Data provided |
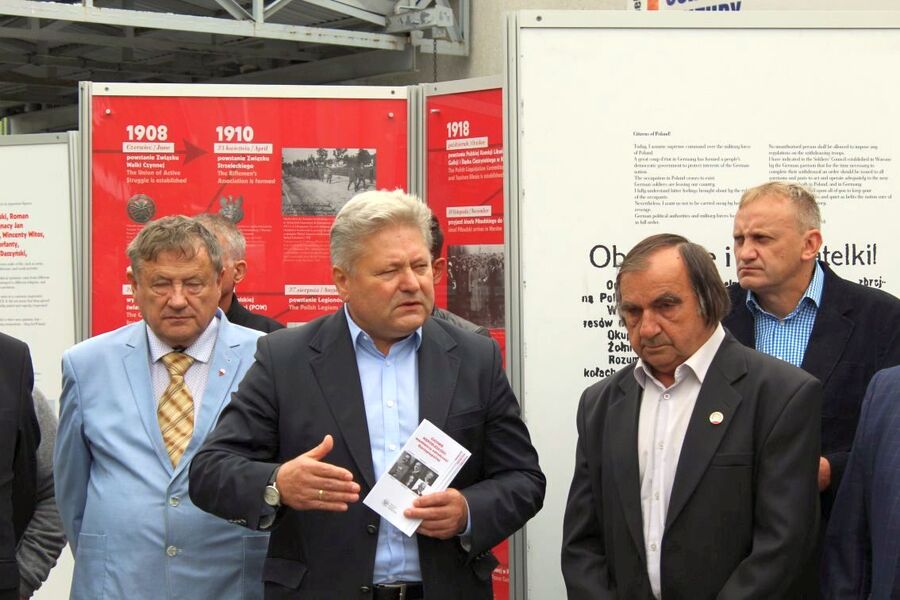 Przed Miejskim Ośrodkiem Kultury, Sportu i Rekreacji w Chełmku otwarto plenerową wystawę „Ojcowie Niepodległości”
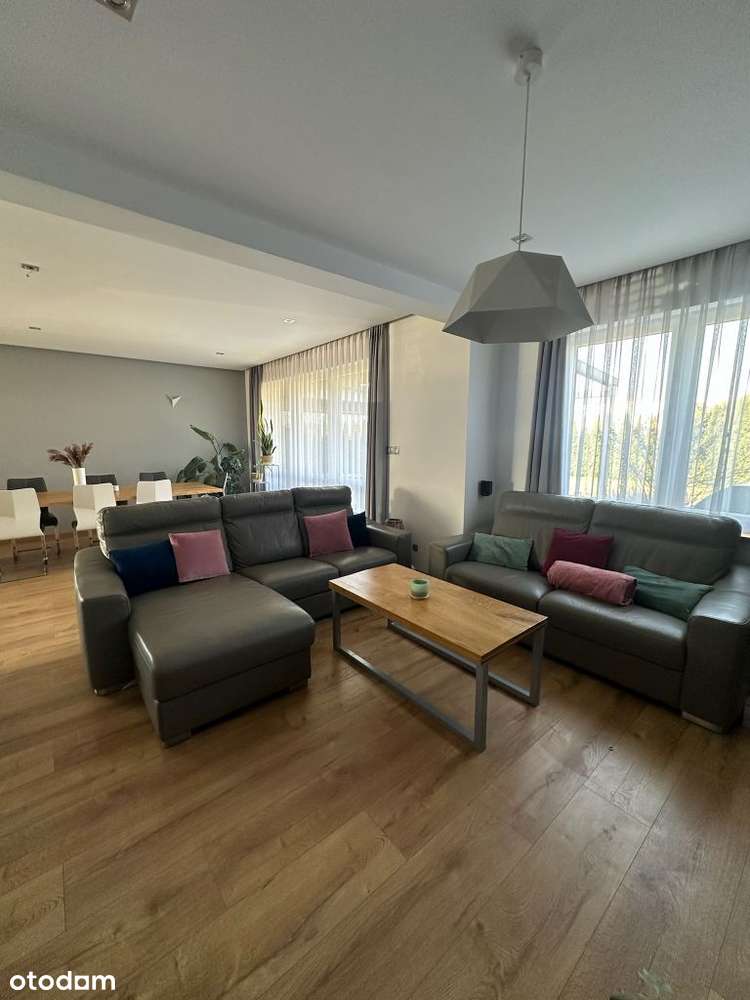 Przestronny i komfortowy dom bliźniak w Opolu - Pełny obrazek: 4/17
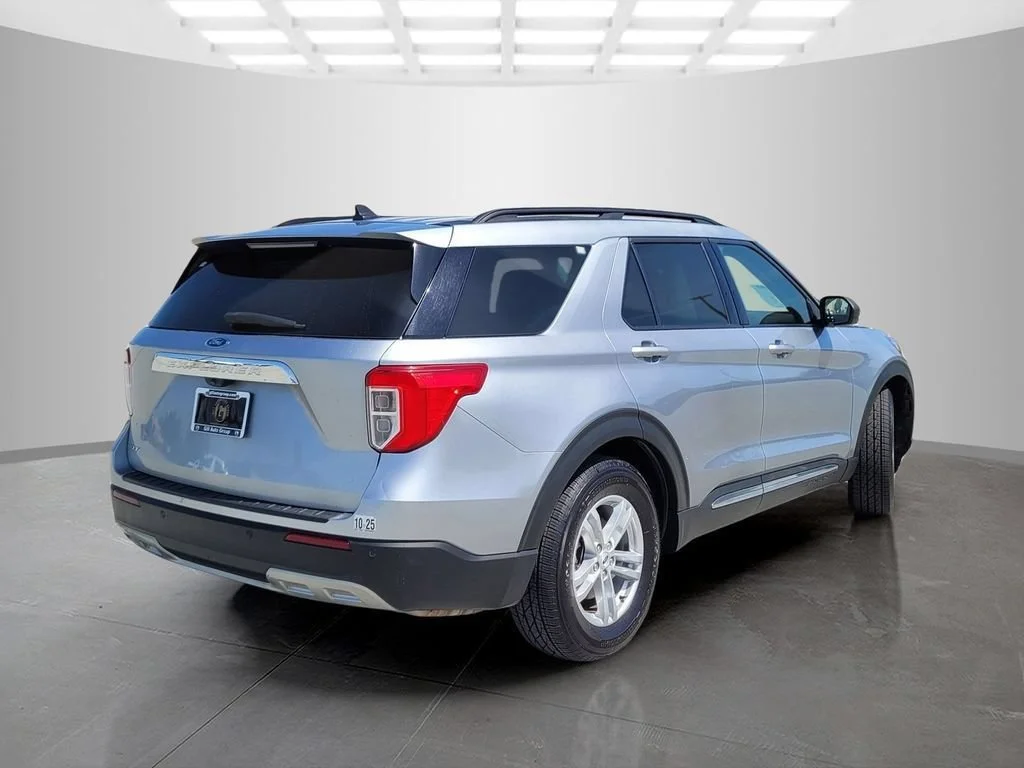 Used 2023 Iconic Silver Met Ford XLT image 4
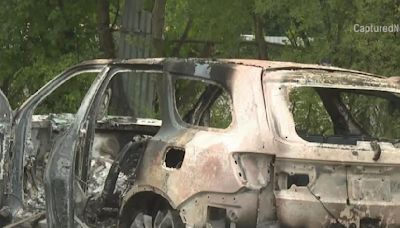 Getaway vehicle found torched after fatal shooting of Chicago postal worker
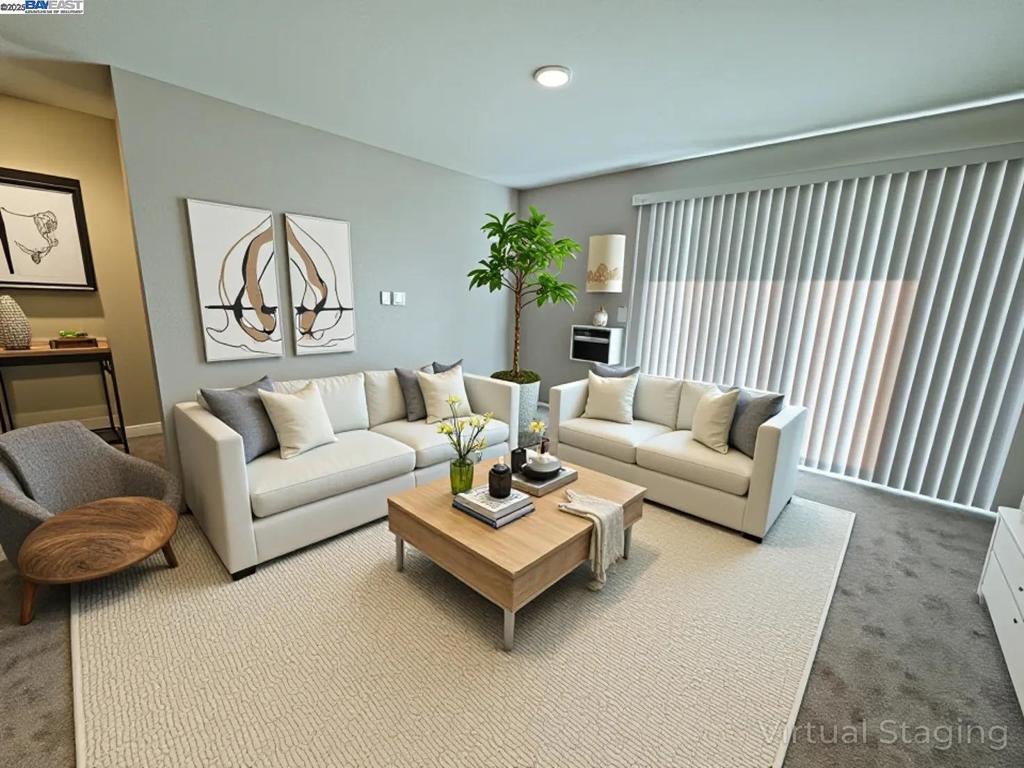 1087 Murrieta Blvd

To do | Your answer must be an exact reproduction of all entries, containing no pictures.

Finished exercise |
 Przed Miejskim Ośrodkiem Kultury, Sportu i Rekreacji w Chełmku otwarto plenerową wystawę „Ojcowie Niepodległości”
 Przestronny i komfortowy dom bliźniak w Opolu - Pełny obrazek: 4/17
 Used 2023 Iconic Silver Met Ford XLT image 4
 Getaway vehicle found torched after fatal shooting of Chicago postal worker
 1087 Murrieta Blvd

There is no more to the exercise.